It took 10 years, but McNulty earned his degree, and his company made true on its word, eventually promoting him to regional vice president. The promotion was great, he recalled, but the job required a lot of time away from home. But with his foot firmly planted in upper management of the warehouse and logistics business — again thanks to having earned his degree — he was able to strike a partnership with local company Patterson Frozen Foods to provide both dry and cold warehouse space.
It was the start of what became SPWG, which now is in the hands of company CEO and President Chris Murphy, a Stan State graduate and McNulty’s son-in-law. Michelle Van Artsdalen, the company’s chief financial officer, also is a Stan State grad.
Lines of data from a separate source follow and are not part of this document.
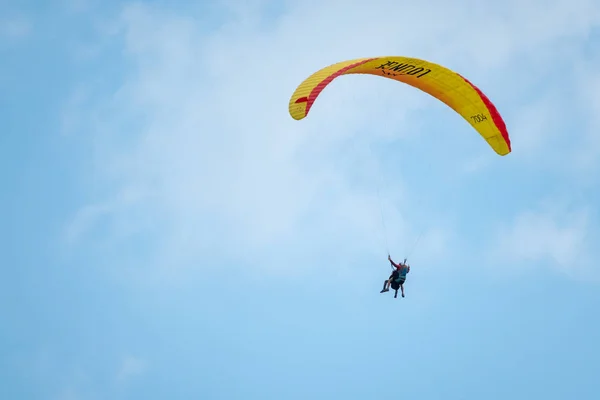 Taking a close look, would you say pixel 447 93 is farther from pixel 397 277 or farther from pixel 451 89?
pixel 397 277

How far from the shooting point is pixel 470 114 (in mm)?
41219

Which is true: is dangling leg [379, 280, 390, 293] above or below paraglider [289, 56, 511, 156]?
below

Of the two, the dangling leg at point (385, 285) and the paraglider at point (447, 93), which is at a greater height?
the paraglider at point (447, 93)

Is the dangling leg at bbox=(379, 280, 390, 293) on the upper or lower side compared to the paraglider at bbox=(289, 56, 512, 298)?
lower

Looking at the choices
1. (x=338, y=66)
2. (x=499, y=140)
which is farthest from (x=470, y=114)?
(x=338, y=66)

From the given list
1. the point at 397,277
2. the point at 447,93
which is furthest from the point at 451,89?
the point at 397,277

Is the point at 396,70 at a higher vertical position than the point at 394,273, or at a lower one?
higher

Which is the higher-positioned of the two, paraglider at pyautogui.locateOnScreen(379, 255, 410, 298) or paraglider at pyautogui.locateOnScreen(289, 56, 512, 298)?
paraglider at pyautogui.locateOnScreen(289, 56, 512, 298)

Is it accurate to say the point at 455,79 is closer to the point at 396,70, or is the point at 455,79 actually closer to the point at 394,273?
the point at 396,70

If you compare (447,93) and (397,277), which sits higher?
(447,93)

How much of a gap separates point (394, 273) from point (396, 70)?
7572 millimetres

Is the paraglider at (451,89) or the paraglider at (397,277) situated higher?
the paraglider at (451,89)

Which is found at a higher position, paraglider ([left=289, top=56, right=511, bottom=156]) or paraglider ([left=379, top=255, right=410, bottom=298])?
paraglider ([left=289, top=56, right=511, bottom=156])

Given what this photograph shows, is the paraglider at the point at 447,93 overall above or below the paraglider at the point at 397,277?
above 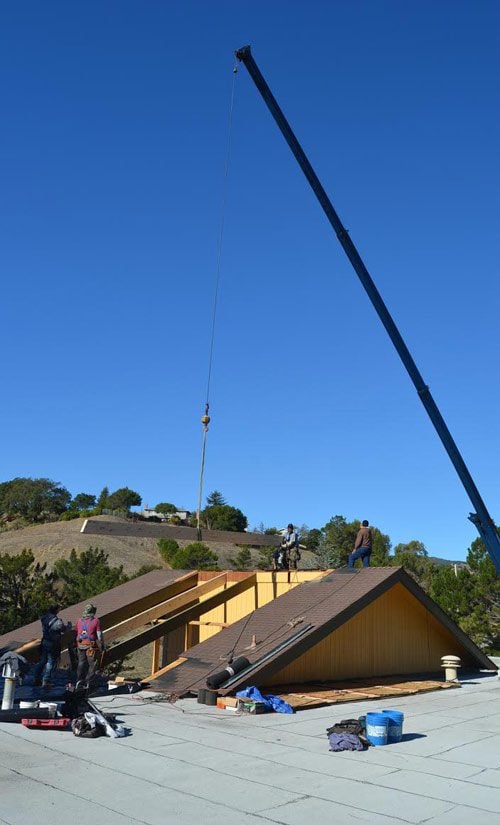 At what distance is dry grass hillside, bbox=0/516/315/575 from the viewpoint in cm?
6494

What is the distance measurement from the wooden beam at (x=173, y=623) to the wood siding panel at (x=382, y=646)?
2384mm

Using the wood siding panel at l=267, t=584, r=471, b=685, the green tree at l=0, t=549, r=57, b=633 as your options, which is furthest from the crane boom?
the green tree at l=0, t=549, r=57, b=633

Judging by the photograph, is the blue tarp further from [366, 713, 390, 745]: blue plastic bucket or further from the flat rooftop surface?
[366, 713, 390, 745]: blue plastic bucket

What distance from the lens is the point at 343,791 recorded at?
7285mm

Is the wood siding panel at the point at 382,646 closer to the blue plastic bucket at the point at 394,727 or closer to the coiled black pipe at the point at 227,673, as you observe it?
the coiled black pipe at the point at 227,673

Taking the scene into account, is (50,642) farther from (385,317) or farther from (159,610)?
(385,317)

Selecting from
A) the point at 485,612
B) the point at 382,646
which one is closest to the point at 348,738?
the point at 382,646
“The ability to leverage his talent with his degree allowed him to become the entrepreneur and to start this company,” Murphy said. “His teachers left a mark on him, and many of those same teachers left a mark on me.”
There are dozens of stories in our region about how the presence of Stan State was the catalyst for the founding and eventual success of a local business, and those stories serve to underscore the symbiotic relationship between any region and its university. Murphy, echoing the sentiments of Stanislaus State President Ellen Junn, would like to see that relationship continue to grow and prosper.
“This is such an undersold relationship,” Murphy said. “We need to treat Stan State like our very own four-year school because people don’t realize the impact it’s had in the community. People who come here to study at Stanislaus are more prone to explore what we have here, which gives them a better chance to stay here after graduation.
“How do we stop the brain-drain of the kids who go off to school and never come back? How do we convince kids that Stan State, this bang-for-the-buck university, is a treasure? You have to look at what it does. It transforms people.”
In the case of Mike McNulty and Sierra Pacific Warehouse Group, a Stan State degree transformed not only his life, but continues to impact the generations that followed him, as well as the region’s warehouse and logistics industries.
“It took me 10 years to finally get my Stan State degree, and my wife was supportive all the way,” McNulty said. “She typed all my papers and if it wasn’t for her I would not have graduated. It was a struggle … and it was all worth it.”